The vastness of space loomed before Wilks as he stared from the Bridge windows of the Zeta, taking in the glittering spots of light, denoting the stars he had only ever seen in the night sky. Now, it seemed as though the night sky were all around him, like a sea. If the sea could encompass you so utterly that it eclipsed the heavens themselves.
"It's, like, the most beautiful thing you've ever seen, right?"
Bryan glanced sideways at Sally, who sat huddled up in a rough woven blanket adorned with images of rabbits and foxes locked in an eternal hunt. It was drawn up so tightly around her neck that all he could see was her grinning face peeking out of the pile.
Like a small animal peering over the lip of a burrow, looking at him where he sat with his back against the foot of a freestanding control panel.
Her faintly twitching nose completed the picture and cemented the comparison in his mind. Her expression made it clear that she was eager to know his opinion. A faint dusting of pink highlighted where her face had only a short while before been engulfed in another luminescent blush.
He discovered to his joyful amusement that it was shockingly easy to get her to blush. She was a very active person with healthy blood flow, which meant that against her pale white skin, blushes tended to show up as clearly as a lighthouse bulb.

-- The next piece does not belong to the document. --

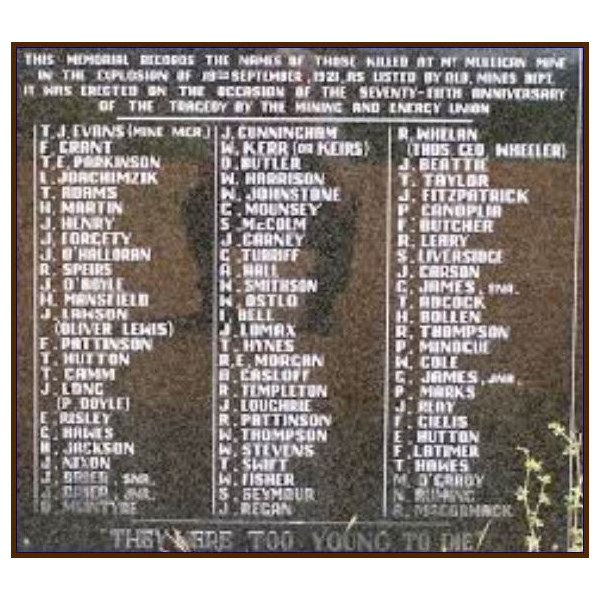 Plaque with list of names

"Hell, doll," he said with his trademark grin plastered across his face, even as his foot tapped nervously in sympathy with his sense of isolation. With his emotions in disarray, he was falling back on his tendency to flirt as a safety net. "It's seriously gorgeous. Still only comes in a close second, though."
"You're lying. What could you possibly have seen that could be better than this?" Sally asked incredulously, a delicate hand emerging from the blankets to point at the window.
Her query came somewhat defensively. She had been quite excited to show him the view as the Zeta transited the Arcturus Stream and wanted to know what he had seen that beat out her modest contribution. Her competitive nature was charming to him.
"Well," he said with ambiguous shrug of his shoulders and the best smirk he could muster, "I met this girl one time who…"
He chuckled and held his hands outwards as if to demonstrate how unarmed and defenceless he was, "Well, first time I laid eyes on her it was lifechanging. Took my breath away, made my tongue catch in the back of my throat. Or just run away with itself."
Her gaze searched his expression, suspicious of his tone and slightly jealous of his glowing description. She frowned deeply, albeit with a tentative hope still lurking in the back of her pale blue eyes and returned her gaze to the window.
"What, you'd rather look at some girl than this?" She enquired, glancing sideways at him through the blankets.
"Definitely," he confirmed before adding in a soft voice, "I'd abseil down a collapsing building into a Radscorpion nest just to see her blush."
He made the fact that his eyes were locked unflinchingly upon her pale features as obvious as he could, refusing to look sideways through the Bridge window until he was certain she understood his meaning.
Bryan didn't need to wait long. In the pale light of the stars, with the fixtures turned off in the Bridge, Sally's bashful flush bloomed once more across her features. She smiled into her blanket like a puppy hiding its nose beneath its forepaws.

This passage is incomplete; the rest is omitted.